DETROIT — Michigan's unemployment rate has fallen again, pulling even with the national rate for the first time in 15 years, the state announced Wednesday.
The state's seasonally adjusted jobless rate dropped 0.2 points to 5.4 percent in April, the Michigan Department of Technology, Management & Budget said. The U.S. rate fell 0.1 points to 5.4 percent in April.
"Reaching the national average after being dead last has been a priority as we've worked to reinvent Michigan," Gov. Rick Snyder, who began his first four-year term in 2011, said in a statement. "We've cut Michigan's unemployment rate by more than half since the end of 2010, creating nearly 400,000 private sector jobs."
The state's jobless rate has fallen 2 percentage points from 7.5 percent in April 2014, the department said. It said the jobless rate in the state now has fallen for 20 consecutive months since September 2013.
The number of unemployed people in Michigan fell 10,000 in the latest month to 257,000, while the state's civilian labor force shrank by 6,000 to 4.741 million, the department said. It said 4.483 million people were working in Michigan in April.

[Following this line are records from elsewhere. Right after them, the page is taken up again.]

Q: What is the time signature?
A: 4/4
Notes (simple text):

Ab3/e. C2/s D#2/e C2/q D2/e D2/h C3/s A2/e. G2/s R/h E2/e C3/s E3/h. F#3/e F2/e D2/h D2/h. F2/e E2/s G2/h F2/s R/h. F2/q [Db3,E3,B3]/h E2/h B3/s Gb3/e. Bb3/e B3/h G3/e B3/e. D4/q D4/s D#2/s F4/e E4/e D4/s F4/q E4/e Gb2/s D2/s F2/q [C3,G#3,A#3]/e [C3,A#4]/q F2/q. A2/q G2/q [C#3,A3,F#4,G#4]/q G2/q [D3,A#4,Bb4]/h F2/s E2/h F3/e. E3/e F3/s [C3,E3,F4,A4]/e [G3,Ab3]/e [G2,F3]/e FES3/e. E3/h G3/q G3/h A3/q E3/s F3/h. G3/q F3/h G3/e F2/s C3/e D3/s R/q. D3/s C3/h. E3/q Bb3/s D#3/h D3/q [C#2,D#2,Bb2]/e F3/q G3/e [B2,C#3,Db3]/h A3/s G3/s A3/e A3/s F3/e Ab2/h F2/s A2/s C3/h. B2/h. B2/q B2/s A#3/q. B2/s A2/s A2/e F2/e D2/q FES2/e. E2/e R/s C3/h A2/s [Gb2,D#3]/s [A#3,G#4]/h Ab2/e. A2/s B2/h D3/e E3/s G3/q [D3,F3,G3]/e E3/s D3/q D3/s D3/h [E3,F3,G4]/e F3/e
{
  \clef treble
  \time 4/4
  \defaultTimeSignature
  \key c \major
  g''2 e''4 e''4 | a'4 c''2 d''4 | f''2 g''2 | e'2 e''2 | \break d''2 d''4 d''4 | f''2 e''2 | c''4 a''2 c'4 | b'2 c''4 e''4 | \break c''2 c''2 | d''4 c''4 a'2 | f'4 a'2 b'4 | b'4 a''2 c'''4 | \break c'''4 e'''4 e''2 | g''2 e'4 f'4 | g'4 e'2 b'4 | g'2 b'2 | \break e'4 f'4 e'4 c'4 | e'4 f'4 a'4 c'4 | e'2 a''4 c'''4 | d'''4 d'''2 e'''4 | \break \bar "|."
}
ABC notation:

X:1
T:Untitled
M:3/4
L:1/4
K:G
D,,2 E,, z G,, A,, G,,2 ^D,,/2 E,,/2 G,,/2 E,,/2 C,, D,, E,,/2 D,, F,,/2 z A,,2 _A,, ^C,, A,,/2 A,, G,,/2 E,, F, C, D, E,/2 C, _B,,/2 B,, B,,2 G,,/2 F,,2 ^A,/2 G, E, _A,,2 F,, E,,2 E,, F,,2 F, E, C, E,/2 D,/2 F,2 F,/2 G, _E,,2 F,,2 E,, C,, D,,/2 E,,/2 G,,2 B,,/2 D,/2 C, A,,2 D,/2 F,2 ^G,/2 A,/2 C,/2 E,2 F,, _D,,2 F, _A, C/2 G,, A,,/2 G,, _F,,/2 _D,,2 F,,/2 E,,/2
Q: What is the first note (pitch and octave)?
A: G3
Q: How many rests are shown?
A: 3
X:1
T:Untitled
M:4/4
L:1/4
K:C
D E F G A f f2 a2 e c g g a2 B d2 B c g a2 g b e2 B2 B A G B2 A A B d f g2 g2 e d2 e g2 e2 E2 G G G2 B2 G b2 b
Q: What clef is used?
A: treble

"Michigan has displayed an impressive run of monthly jobless rate reductions over the past year," Jason Palmer, director of the department's Bureau of Labor Market Information and Strategic Initiatives, said in a statement. "Statewide payroll job levels have increased by nearly 100,000 since April 2014."
In the 12 months ending in April, the number of unemployed people in Michigan fell by 98,000, or 27.6 percent. The number fell 11.8 percent nationwide in that time.
The Republican governor said that reaching the national average "is an important milestone, but we now must set our sights on surpassing that mark."
The keys to further lowering Michigan's jobless rate, he said, include improving workforce training and helping making Michigan "the place where companies look to grow and create more and better jobs."